» **Information supplied**
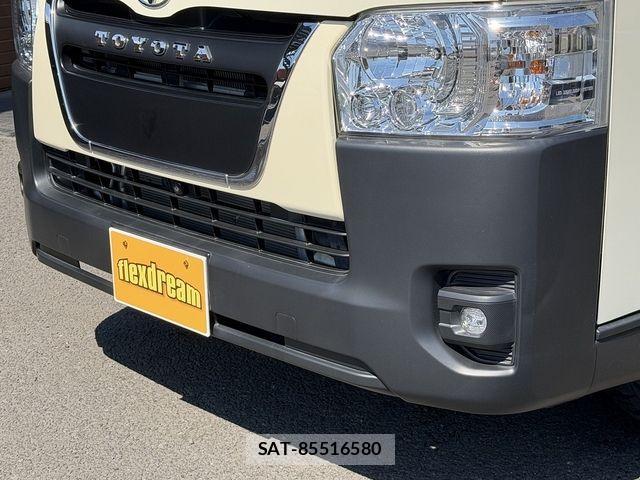Toyota HIACE VAN 2023-07 4603488-8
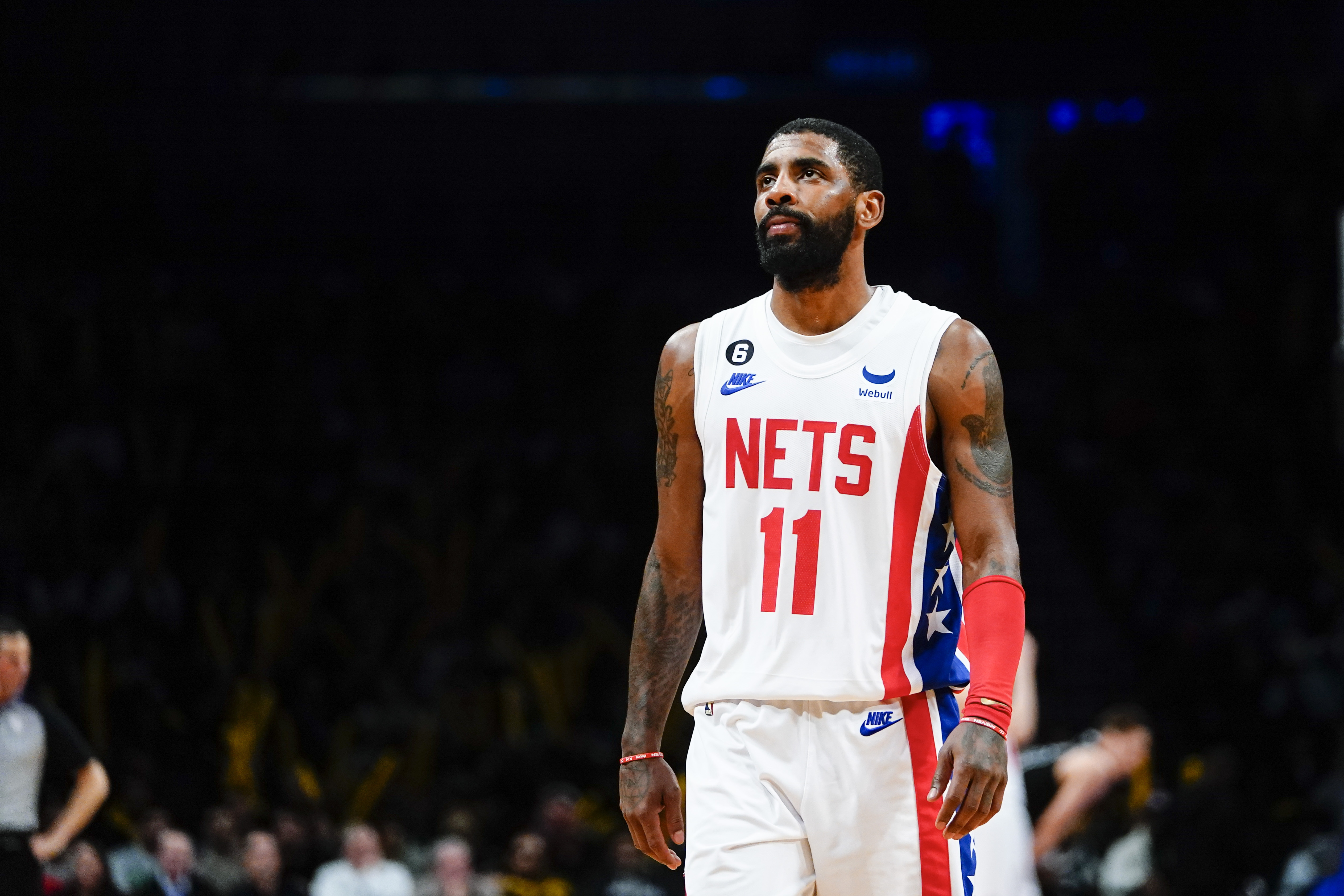 Nets Trading Kyrie Irving to Dallas Mavericks After His Request to Leave -  The New York Times
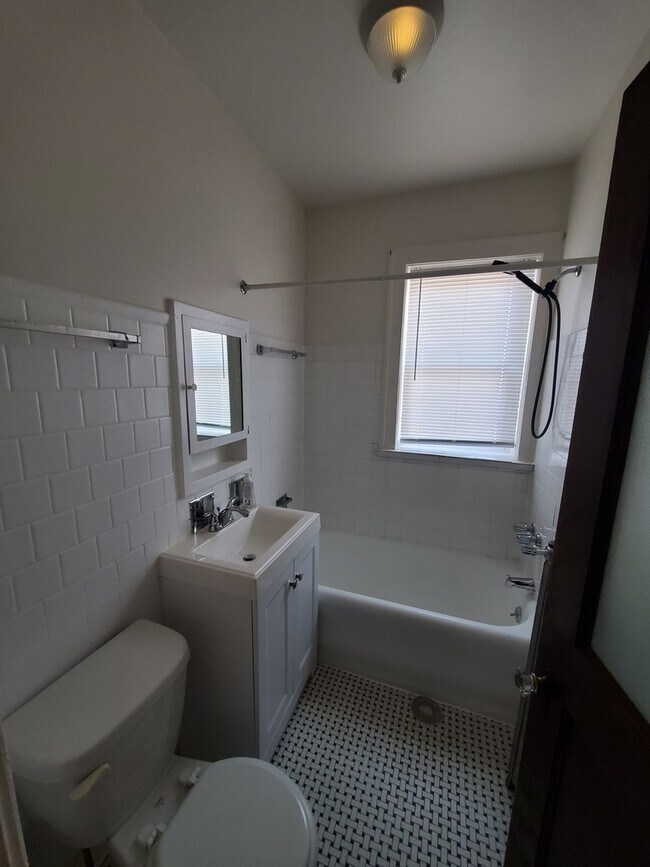 Photo - 2342 N Spaulding Ave Unit 308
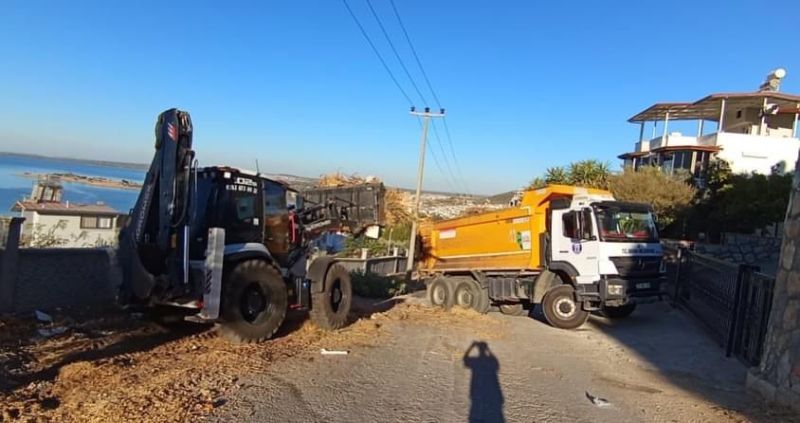 Bodrum Akbük'te temizlik çalışmaları tüm hızıyla devam ediyor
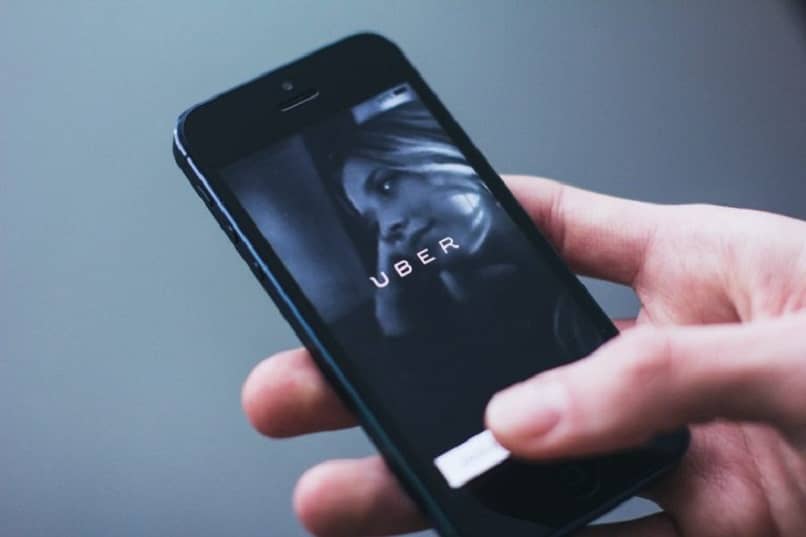 mobile con l'app uber in mano
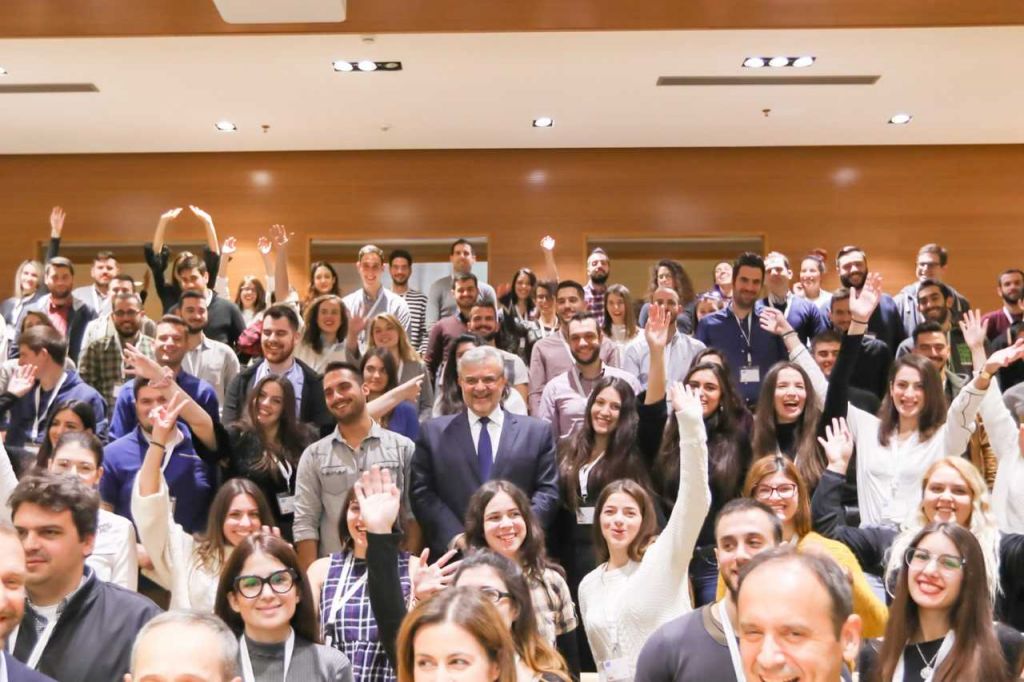 Χρήστος Μεγάλου: Η Ελλάδα προσφέρει στους νέους ευκαιρίες προόδου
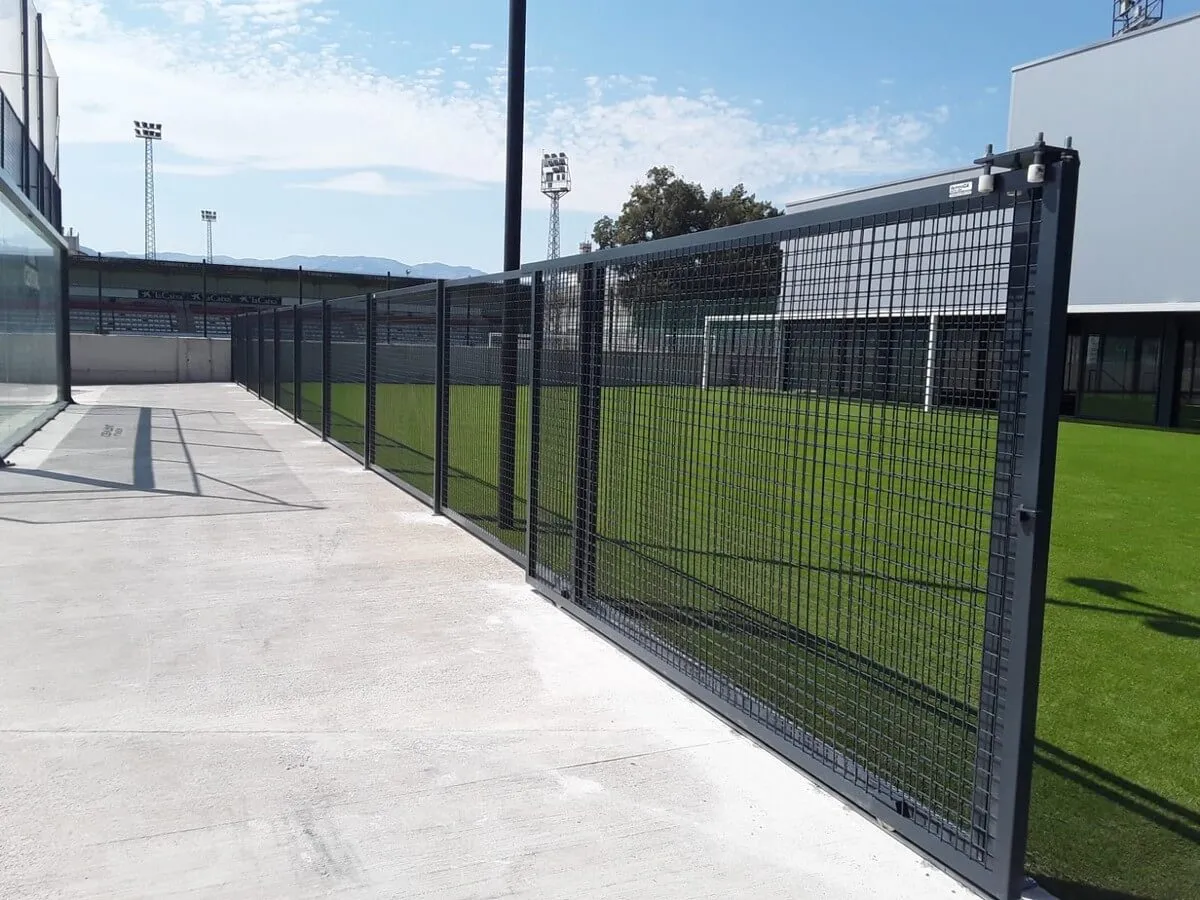 Construcción de puertas y cercado exterior para Pabellón de Deportes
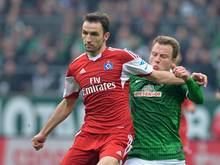 Milan Badelj (l.) hatte sich im Spiel gegen Werder Bremen die Hand gebrochen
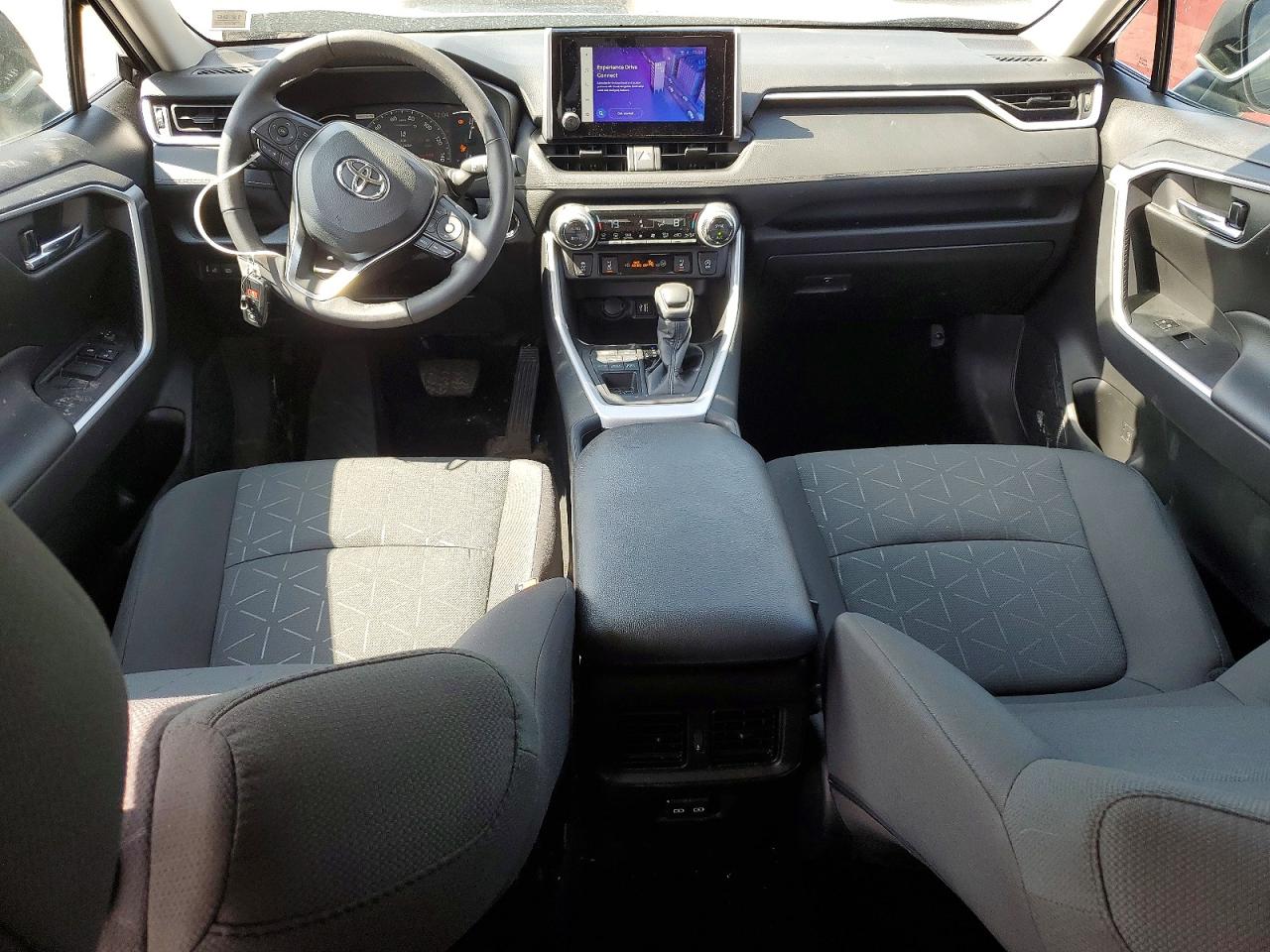 2024 TOYOTA RAV4 XLE photo 15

» **Exercise**
Your answer must consist only of the lines from the one containing "mobile con l'app uber in mano" through the end of the entries, restated word for word, with no pictures.

» **Answer to the exercise**
 mobile con l'app uber in mano
 Χρήστος Μεγάλου: Η Ελλάδα προσφέρει στους νέους ευκαιρίες προόδου
 Construcción de puertas y cercado exterior para Pabellón de Deportes
 Milan Badelj (l.) hatte sich im Spiel gegen Werder Bremen die Hand gebrochen
 2024 TOYOTA RAV4 XLE photo 15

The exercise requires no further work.